About this exercise
Repeat the data below in full. Pictures must not be part of the copy.

Supplied records
= = = =

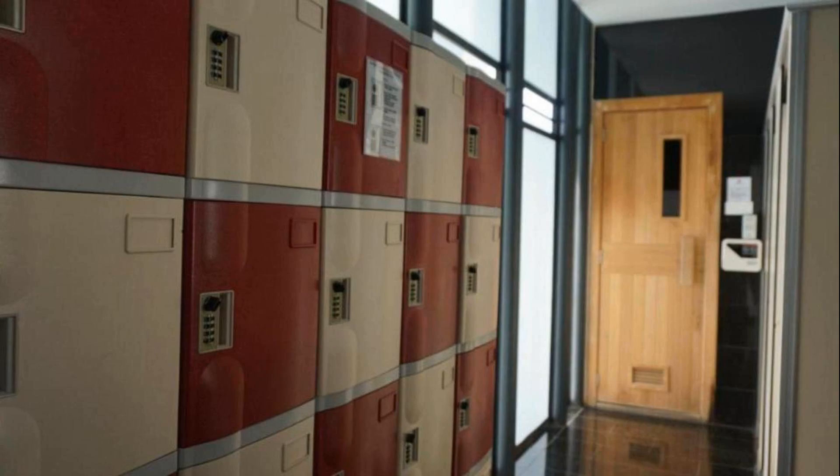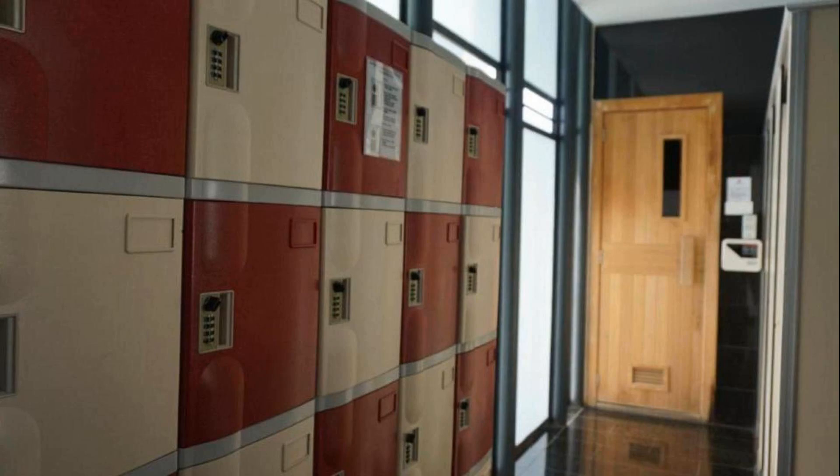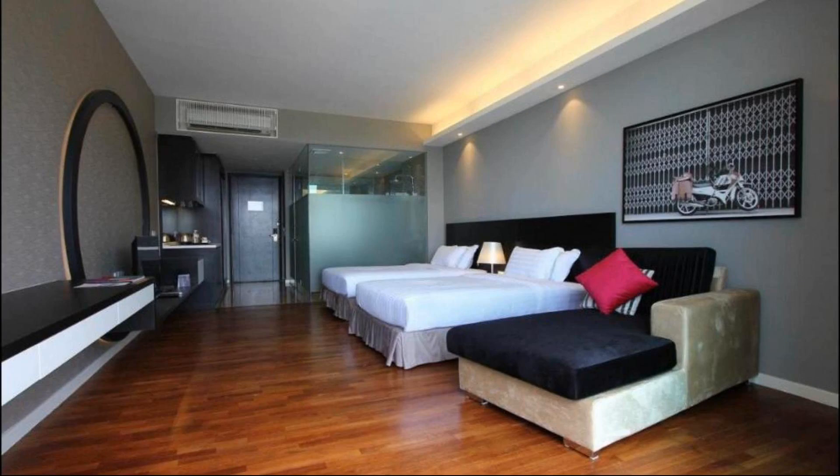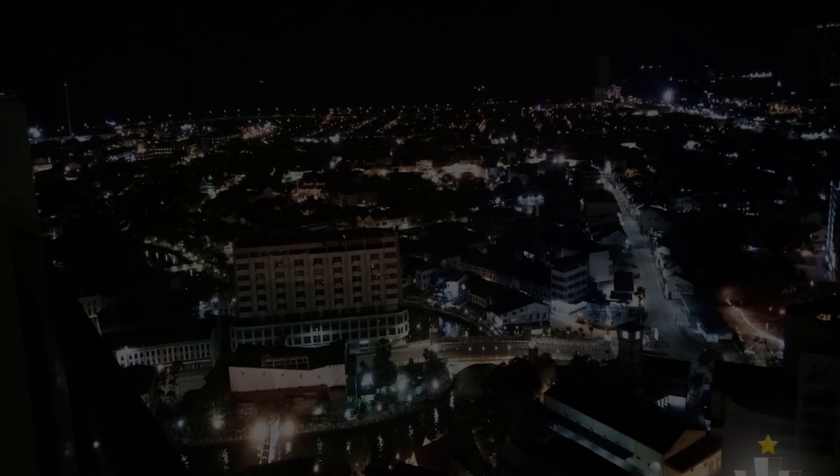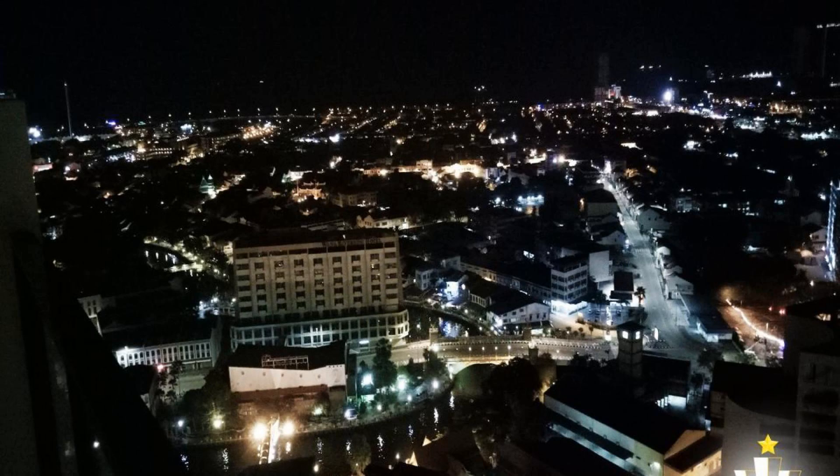If you have already stayed in this hotel, please share your experience in the comment box.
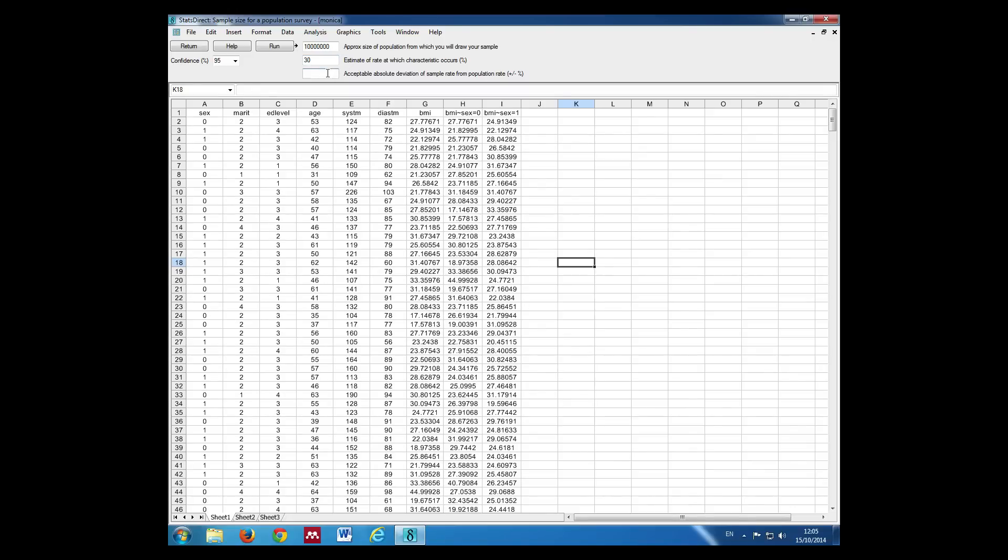Our acceptable or absolute deviation of the sample rate is 2, so we want to be able to estimate our rate plus or minus 2%. Then we click Run.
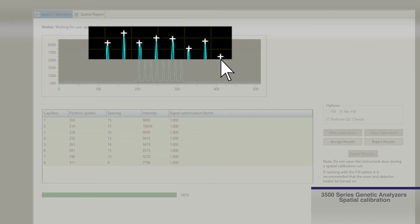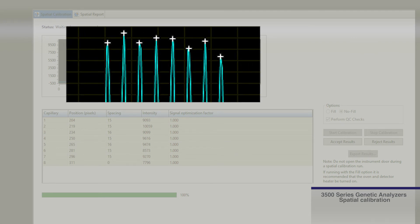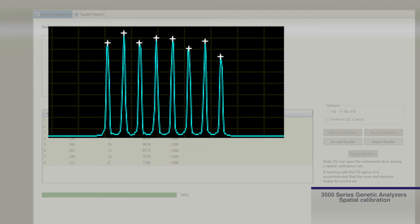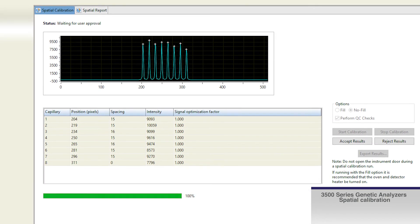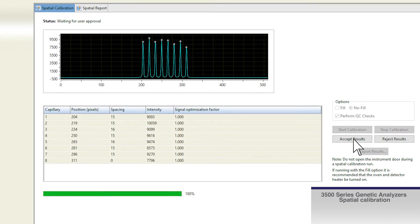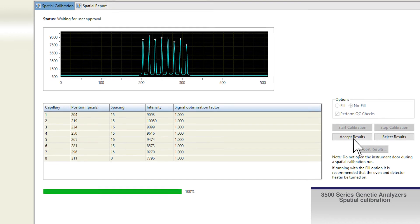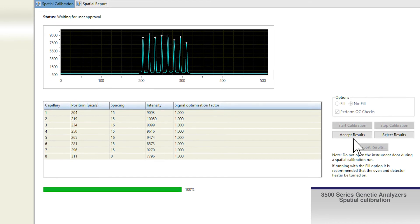Look for one marker at the apex of each peak, no off-apex markers, and an even peak profile with peak heights about the same. With a passing spatial calibration, click accept results to apply the new calibration.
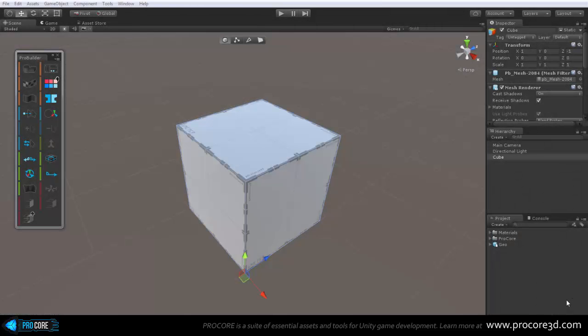Hi everybody and welcome to an overview of the GUI and interface in ProBuilder version 2.5. As always, make sure and check that you're looking at the latest video by going to ProCore3D.com slash ProBuilder.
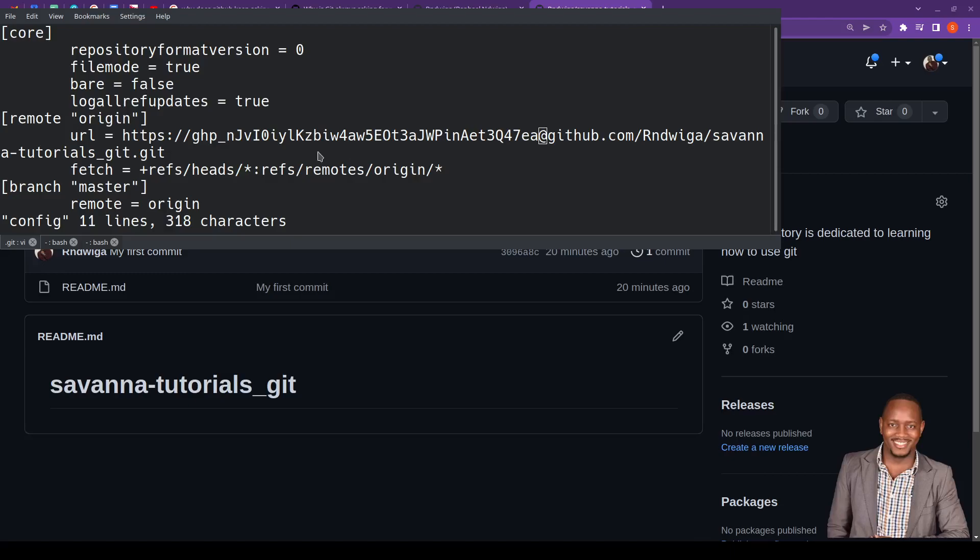So once you do that, then you'll be able to, when you're doing the push or the commits, git won't ask you for a password.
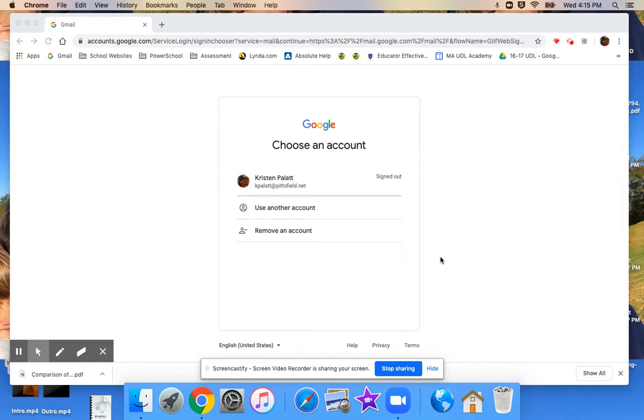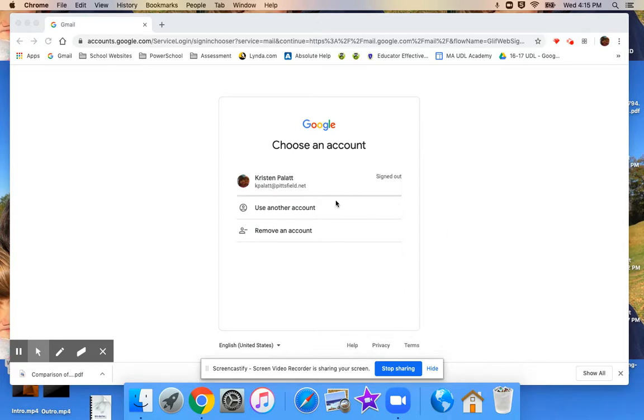but the website you go to to access the email is actually just gmail.com. So you'll see I have www.gmail.com up on my screen, and you'll notice that I've had to log out of my own gmail account in order to get another user onto the system.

= = = =

Expected answer
If you have already stayed in this hotel, please share your experience in the comment box.
Our acceptable or absolute deviation of the sample rate is 2, so we want to be able to estimate our rate plus or minus 2%. Then we click Run.
Look for one marker at the apex of each peak, no off-apex markers, and an even peak profile with peak heights about the same. With a passing spatial calibration, click accept results to apply the new calibration.
Hi everybody and welcome to an overview of the GUI and interface in ProBuilder version 2.5. As always, make sure and check that you're looking at the latest video by going to ProCore3D.com slash ProBuilder.
So once you do that, then you'll be able to, when you're doing the push or the commits, git won't ask you for a password.
but the website you go to to access the email is actually just gmail.com. So you'll see I have www.gmail.com up on my screen, and you'll notice that I've had to log out of my own gmail account in order to get another user onto the system.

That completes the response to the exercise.